┌─ DATA SHOWN
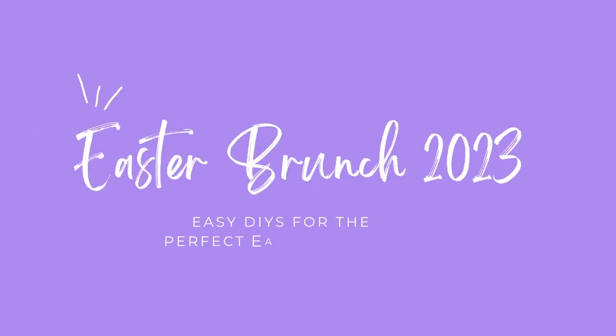Hey y'all, today's video is all about Easter decor DIYs and brunch ideas. I host brunch at my house every year and I wanted to share some of the things I'm doing for Easter brunch this year.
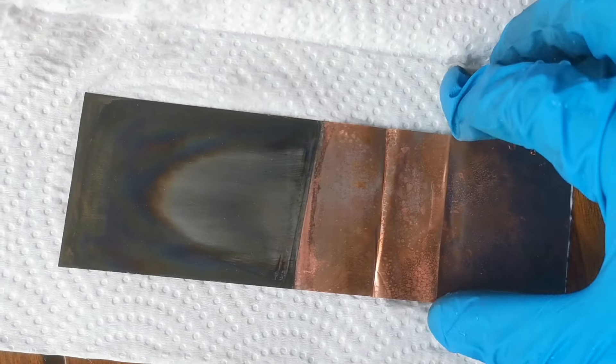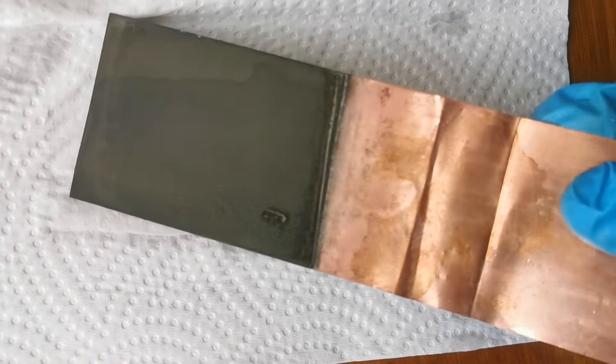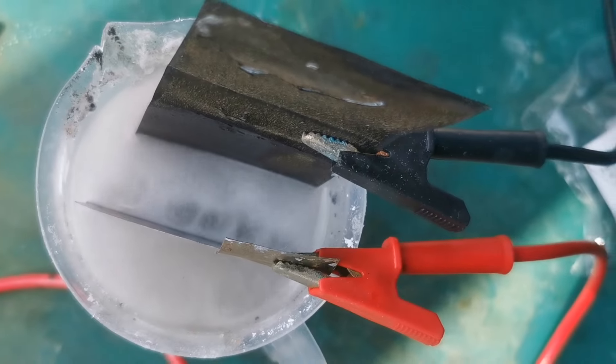And finally, after 40 minutes of electroplating, water washing, and drying, this is our nickel-plated copper electrode. Its nickel surface is not exactly shiny like the copper parts, but it is already good enough to be used as an electrode.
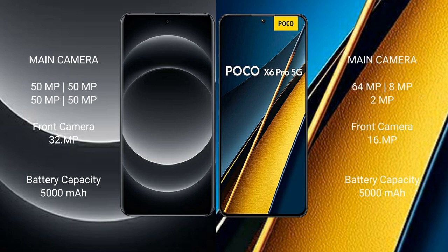Samsung S14 Ultra features a rear quad camera setup: 50MP plus 50MP plus 50MP plus one camera, and a 32MP front camera. Samsung Poco X6 Pro features a rear triple camera setup: 64MP plus 8MP plus 2MP, and a 16MP front camera.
└─
> **WHAT YOU NEED TO DO**
Extract the full listing above verbatim; pictures are to be left out of the copy.

> **RESPONSE**
Hey y'all, today's video is all about Easter decor DIYs and brunch ideas. I host brunch at my house every year and I wanted to share some of the things I'm doing for Easter brunch this year.
And finally, after 40 minutes of electroplating, water washing, and drying, this is our nickel-plated copper electrode. Its nickel surface is not exactly shiny like the copper parts, but it is already good enough to be used as an electrode.
Samsung S14 Ultra features a rear quad camera setup: 50MP plus 50MP plus 50MP plus one camera, and a 32MP front camera. Samsung Poco X6 Pro features a rear triple camera setup: 64MP plus 8MP plus 2MP, and a 16MP front camera.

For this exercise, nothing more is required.